By Idah Mhetu
GOVERNMENT will in the next three weeks churn out 3 000 passports a day as soon as it takes delivery of equipment to produce the much sought after and scarce travel document, Home Affairs Minister Cain Mathema has said.
Mathema told a post-cabinet media briefing in Harare on Tuesday that the machinery that government is bringing in has capacity for 8 000 units a day.
“I can also assure you that within the next three to four weeks, we will have the consumables and the machinery that we need to produce at least 3 000 passports a day.
“We have a long backlog but we are going to be able to produce that number of passports. In fact, the machinery that we already have enables us to produce 8 000 passports a day,” said Mathema.
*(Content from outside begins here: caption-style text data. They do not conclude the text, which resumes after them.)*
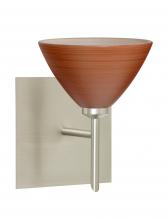 Besa Lighting 1SW-1743CH-SN-SQ - Besa Wall With SQ Canopy Domi Satin Nickel Cherry 1x40W G9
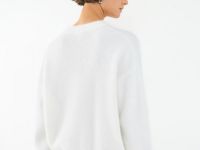 Джемпер из пряжи с ангорой, Белый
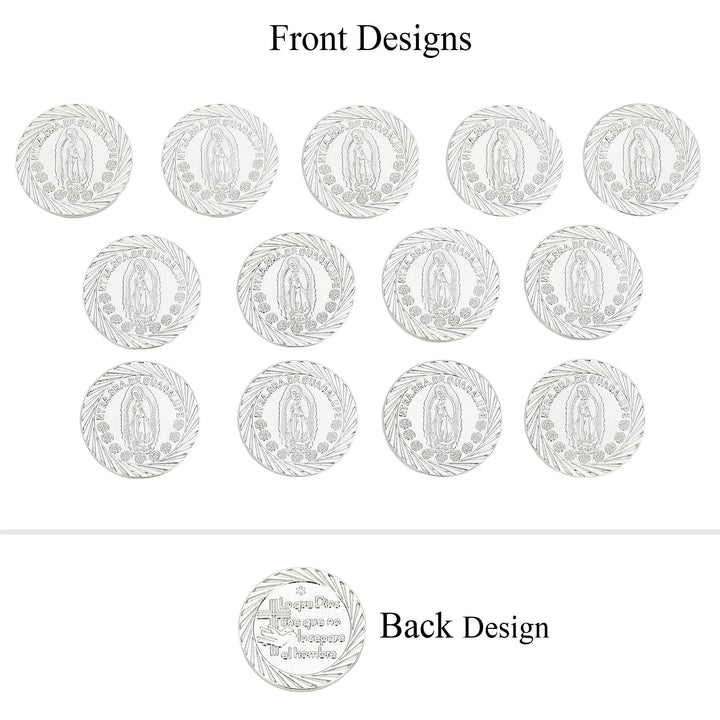 Elegant Mexican Silver Guadalupe Wedding Unity Coins, crafted with a polished finish for Catholic wedding traditions. Features uniform Our Lady of Guadalupe design, symbolizing faith, blessing, and unity in marriage ceremonies - tingkucoins.com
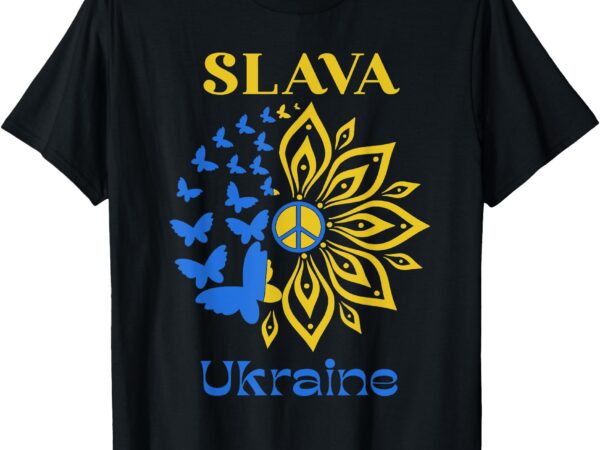 Slava ukraini sunflower ukraine sunflower ukrainian flag t-shirt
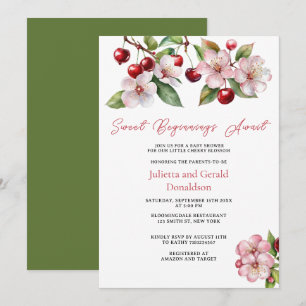Invitation Baby shower de fleurs de cerises d'aquarelle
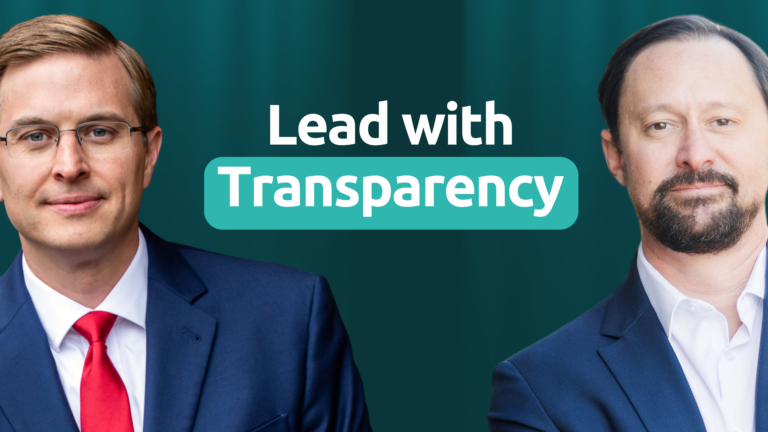 Business professionals in suits with Lead with Transparency text on a teal background.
Speaking at the same press conference, Information Minister Monica Mutsvangwa said government was hoping the situation at the passport office, where citizens planning to leave the country have been forced into offering bribes to officials, should normalise soon.
“On the basis of this, therefore we wish to advise the nation that work towards the return to normalcy in the production of the Zimbabwean passport is now at an advanced stage.
“All the necessary capital equipment is now in place while payment has already been made for the associated consumables,” Mutsvangwa said.
The Passport office has been for months failing to produce passports for the citizens because it had run out of the consumables that are needed to produce the much needed document.
Hundreds of thousands of Zimbabweans are scrambling to leave the strife torn country for greener pastures within and beyond the region with some now forced to use unorthodox means to skip the country’s borders.
Early this year, the Registrar-General Clemence Masango admitted to Parliament that the demand for emergency passports had increased, thereby putting pressure on the dwindling passport paper. He also cited foreign currency challenges as the reason for the crisis.
The situation at the passport office was worsened by a fall-out between government and an Israeli company Nikuv Projects after it reportedly demanded payment in foreign currency. The shadowy company was in 2013 was linked to election rigging in the country.